Finalizers: conclusion?

Thu Jan 23 11:29:52 EST 2003

Hi Manuel,

Sorry for the delay in replying.  I'll quote a little more of the 
previous messages than usual to help refresh context.

Manuel M T Chakravarty wrote:
> Antony Courtney <antony at apocalypse.org> wrote,
> 
> 
>>You indicated that you were somewhat unclear why we need liveness 
>>dependencies.  I'll attempt to clarify by sketching some of the details 
>>of the particular C library for which I am writing FFI wrappers.
>>
>>I have a C library for 2D vector graphics.  Two of the abstract types 
>>provided by this C library are:
>>    Pixmap -- A handle to an actual buffer of raster data
>>    RenderContext -- A handle that encapsulates all state associated 
>>with rendering, such as the current color, current font, target pixmap, etc.
>>
>>Note that it is possible to create many RenderingContext's that all 
>>render on to the same underlying Pixmap.
>>
>>To see why we need liveness dependencies, consider the following typical 
>>usage scenario in Haskell:
>>    do pm <- createPixmap               -- 1
>>       rc <- createRenderContext pm     -- 2
>>       drawBox rc                       -- 3
>>       ...
>>
>>Note that, in the above, it's possible that the call to 
>>createRenderContext in line 2 could be the last Haskell reference to pm, 
>>making it a candidate for collection.  But we don't actually want the 
>>Pixmap to be collected (and its finalizer invoked) until both the Pixmap 
>>  *and* all associated rendering contexts which refer to the Pixmap 
>>become unreachable.
>>
>>The reason we need liveness dependencies is because, internally, the 
>>RenderContext maintains a pointer to the target Pixmap.  But because 
>>this pointer exists only in the C heap, we need some way to inform 
>>Haskell's garbage collector that whenever a particular RenderContext is 
>>reachable, then its target pixmap is also reachable.
> 
> 
> IMHO you are trying to compensate for a flaw in the whole
> setup:
> 
> * Line 1: You get a pointer to a C object assuming it is the
>     last reference to that C object.
> 
> * Line 2: You pass this pointer back to C without copying
>     it; ie, the only reference to the C object is in C land.
> 
> At this moment, the pointer obtained on Line 1 is no longer
> the business of the Haskell system.  It is a pointer in C
> land to a C object;   so, memory management of that structure
> should be let to the C library.  

I'm sorry, but I simply don't agree with your rationale here (nor do I 
see a "flaw in the whole setup").

Yes, your observations about when references are live in C and when
references are live in Haskell in the above code fragment is correct. 
However, in my opinion, this is an implementation detail.  The user of 
my Haskell library should not know or care whether the library is 
implemented in Haskell, in C, or in some combination of the two.

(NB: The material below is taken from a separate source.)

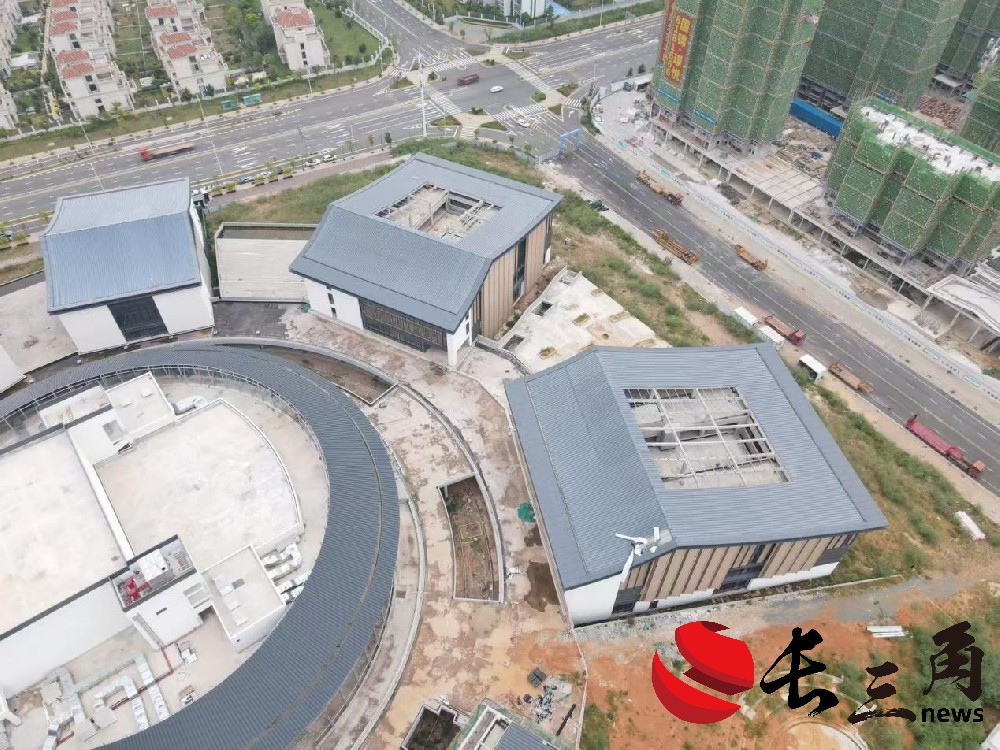 媒体管家： 已耗资6亿元 赣南最大在建文体民生项目停工十个月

In this case, Pixmap and RenderContext could very easily be implemented 
entirely in Haskell (i.e. just make Pixmap a byte array, and 
RenderContext a record type that maintains a Pixmap in one of its 
fields).  If it were implemented this way, then of course any live 
reference to a RenderContext will ensure that the Pixmap it refers to 
will not be GC'ed, since the field of the RenderContext record would 
contain a reference to the Pixmap.  I see liveness dependencies as a way 
for me (as a library implementor) to use an external (C language) 
representation for a Haskell data structure, whilst retaining one of the 
most important benefits of programming in Haskell (garbage collection).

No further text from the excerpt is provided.